Emma’s stare burned into him with unwavering stubbornness. “Well? Are you going to explain that little three word revelation or not?”

Taking a deep breath, Torin waved his hand toward the magical torch on the nightstand and released its golden glow. Emma squinted against the sudden light but didn’t back down from her perch over his chest.

“There is no’ that much to explain. When the Draecna hybrid slashed open my chest with his poisoned fore-claw and struck me with his venom, I died.” Torin waited, watching the reddened flush of anger creep its way up her delightful body and spread across her chest. A fair-skinned woman couldn’t hide her emotions and
lore,
she wore them well.

“Torin,” Emma warned through gritted teeth. “Stop dragging this story out.”

Torin chuckled, scooting up to a sitting position against the headboard and pulling her to his chest. “I died, Emma. But the goddess mended my body as best she could and ordered my soul returned. A stone guardian’s existence in this world doesna end until the goddess makes it so.

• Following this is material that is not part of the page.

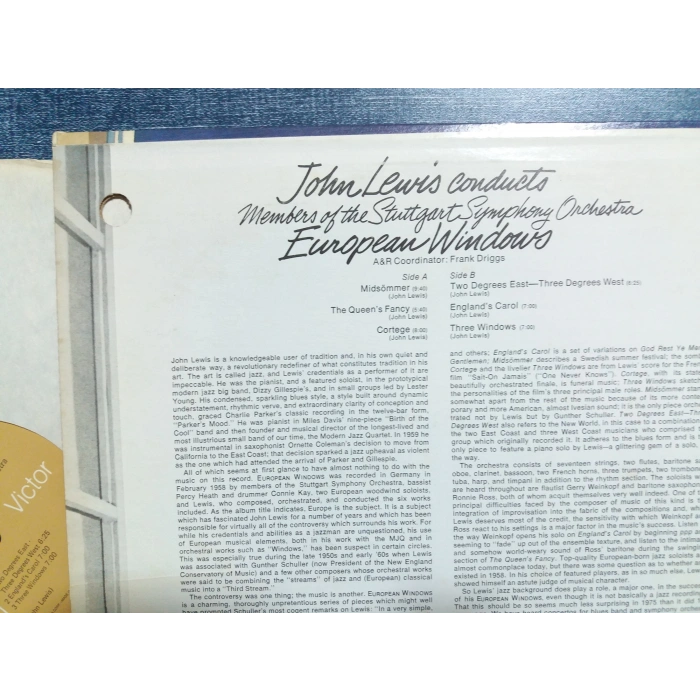 JOHN LEWIS EUROPEAN WINDOWS MUSIC LP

Only then are we free to pass through the veil and move on to the next reality.”

Emma pushed away from his chest, sitting bolt upright in the center of the bed.
God’s beard
. But the very sight of her stole the wind from his lungs. Full rounded breasts jutted through golden red hair cascading across her shoulders. His groin ached, stirring to attention. He could never get enough of her.

“But you keep saying I’m a stone guardian. In fact, the spirit walk worked for me the other day and I finally figured out how to return fire when you decided to start lobbing sheep shit.”

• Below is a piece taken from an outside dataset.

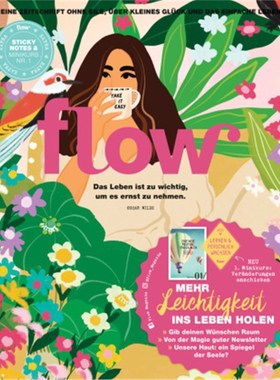 预订【德语】Flow Nummer 64 (2/2022):Eine Zeitschrift ohne Eile, über kleines Glück und das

Clenching his hands against the burning itch to touch her, Torin forced his gaze to her troubled eyes. “You are a stone guardian. And before ye ask, the answer is yes. The same rules apply to you.”

Emma backed away to the end of the bed and crossed her arms across her breasts. “So, you’re telling me I’m cursed to live forever? I’m going to have to watch my sister die?” Tears welled in her sad eyes. Great round drops spilled over and rolled down her flushed cheeks. “I don’t want to be a stone guardian, Torin. How could the goddess be so cruel? How can she expect someone to serve her if they’re cursed to watch everything they’ve ever loved die away and turn to dust?”

Torin’s heart lurched at the sight of her suffering. Her sorrow knifed through his chest. He had no words to console her against this truth. Their heritage was what it was. “We are no’
cursed
to live forever, Emma. Ye must look at it as a gift. We’re merely trapped within this particular reality until the goddess sees fit to release our souls to move on. Think of the possibilities.”

“Well, it sucks!” Emma burst as she rose from the bed and scooped her robe up out of the chair. Yanking her arms through the fluffy, terry cloth sleeves, she jerked the belt tight around her waist. “I never asked for any of this crap. Tell the goddess I want to return this gift.”